• Problem to solve
Restate the entries word for word, omitting nothing.

• Listed records
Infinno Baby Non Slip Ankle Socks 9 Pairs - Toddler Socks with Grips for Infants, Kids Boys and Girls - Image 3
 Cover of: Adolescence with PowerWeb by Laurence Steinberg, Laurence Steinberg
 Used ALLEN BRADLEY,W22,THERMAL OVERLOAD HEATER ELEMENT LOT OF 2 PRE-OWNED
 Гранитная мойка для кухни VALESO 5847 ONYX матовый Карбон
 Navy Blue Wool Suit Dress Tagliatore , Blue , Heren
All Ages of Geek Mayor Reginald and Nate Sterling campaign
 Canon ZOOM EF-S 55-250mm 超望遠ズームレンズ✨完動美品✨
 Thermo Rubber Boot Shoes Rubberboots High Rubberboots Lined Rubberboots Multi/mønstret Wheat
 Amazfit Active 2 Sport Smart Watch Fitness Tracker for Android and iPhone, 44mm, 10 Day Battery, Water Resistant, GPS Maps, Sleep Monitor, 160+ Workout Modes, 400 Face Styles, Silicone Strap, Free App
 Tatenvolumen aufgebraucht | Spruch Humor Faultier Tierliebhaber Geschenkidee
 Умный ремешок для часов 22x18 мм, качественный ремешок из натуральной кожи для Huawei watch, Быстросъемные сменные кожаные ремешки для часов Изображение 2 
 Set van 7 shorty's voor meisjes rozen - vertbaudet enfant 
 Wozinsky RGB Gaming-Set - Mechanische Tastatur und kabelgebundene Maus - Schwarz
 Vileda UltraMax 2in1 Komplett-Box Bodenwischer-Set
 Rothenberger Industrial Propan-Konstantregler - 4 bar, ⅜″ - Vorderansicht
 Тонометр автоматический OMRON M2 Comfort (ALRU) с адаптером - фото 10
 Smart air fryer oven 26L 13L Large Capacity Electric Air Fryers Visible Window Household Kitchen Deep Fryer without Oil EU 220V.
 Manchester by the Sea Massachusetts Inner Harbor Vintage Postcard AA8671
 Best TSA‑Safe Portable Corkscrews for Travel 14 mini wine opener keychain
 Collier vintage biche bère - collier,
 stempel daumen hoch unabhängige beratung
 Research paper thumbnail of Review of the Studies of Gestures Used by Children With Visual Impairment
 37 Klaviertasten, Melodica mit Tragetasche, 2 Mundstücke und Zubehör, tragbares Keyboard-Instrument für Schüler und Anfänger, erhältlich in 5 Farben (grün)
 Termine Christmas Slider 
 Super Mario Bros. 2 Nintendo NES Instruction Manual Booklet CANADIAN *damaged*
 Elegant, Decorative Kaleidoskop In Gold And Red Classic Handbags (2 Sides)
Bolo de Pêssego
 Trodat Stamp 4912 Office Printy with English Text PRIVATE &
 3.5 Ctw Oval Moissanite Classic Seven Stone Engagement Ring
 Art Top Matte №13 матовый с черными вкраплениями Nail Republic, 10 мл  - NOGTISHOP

• Answer to the problem
Infinno Baby Non Slip Ankle Socks 9 Pairs - Toddler Socks with Grips for Infants, Kids Boys and Girls - Image 3
 Cover of: Adolescence with PowerWeb by Laurence Steinberg, Laurence Steinberg
 Used ALLEN BRADLEY,W22,THERMAL OVERLOAD HEATER ELEMENT LOT OF 2 PRE-OWNED
 Гранитная мойка для кухни VALESO 5847 ONYX матовый Карбон
 Navy Blue Wool Suit Dress Tagliatore , Blue , Heren
All Ages of Geek Mayor Reginald and Nate Sterling campaign
 Canon ZOOM EF-S 55-250mm 超望遠ズームレンズ✨完動美品✨
 Thermo Rubber Boot Shoes Rubberboots High Rubberboots Lined Rubberboots Multi/mønstret Wheat
 Amazfit Active 2 Sport Smart Watch Fitness Tracker for Android and iPhone, 44mm, 10 Day Battery, Water Resistant, GPS Maps, Sleep Monitor, 160+ Workout Modes, 400 Face Styles, Silicone Strap, Free App
 Tatenvolumen aufgebraucht | Spruch Humor Faultier Tierliebhaber Geschenkidee
 Умный ремешок для часов 22x18 мм, качественный ремешок из натуральной кожи для Huawei watch, Быстросъемные сменные кожаные ремешки для часов Изображение 2 
 Set van 7 shorty's voor meisjes rozen - vertbaudet enfant 
 Wozinsky RGB Gaming-Set - Mechanische Tastatur und kabelgebundene Maus - Schwarz
 Vileda UltraMax 2in1 Komplett-Box Bodenwischer-Set
 Rothenberger Industrial Propan-Konstantregler - 4 bar, ⅜″ - Vorderansicht
 Тонометр автоматический OMRON M2 Comfort (ALRU) с адаптером - фото 10
 Smart air fryer oven 26L 13L Large Capacity Electric Air Fryers Visible Window Household Kitchen Deep Fryer without Oil EU 220V.
 Manchester by the Sea Massachusetts Inner Harbor Vintage Postcard AA8671
 Best TSA‑Safe Portable Corkscrews for Travel 14 mini wine opener keychain
 Collier vintage biche bère - collier,
 stempel daumen hoch unabhängige beratung
 Research paper thumbnail of Review of the Studies of Gestures Used by Children With Visual Impairment
 37 Klaviertasten, Melodica mit Tragetasche, 2 Mundstücke und Zubehör, tragbares Keyboard-Instrument für Schüler und Anfänger, erhältlich in 5 Farben (grün)
 Termine Christmas Slider 
 Super Mario Bros. 2 Nintendo NES Instruction Manual Booklet CANADIAN *damaged*
 Elegant, Decorative Kaleidoskop In Gold And Red Classic Handbags (2 Sides)
Bolo de Pêssego
 Trodat Stamp 4912 Office Printy with English Text PRIVATE &
 3.5 Ctw Oval Moissanite Classic Seven Stone Engagement Ring
 Art Top Matte №13 матовый с черными вкраплениями Nail Republic, 10 мл  - NOGTISHOP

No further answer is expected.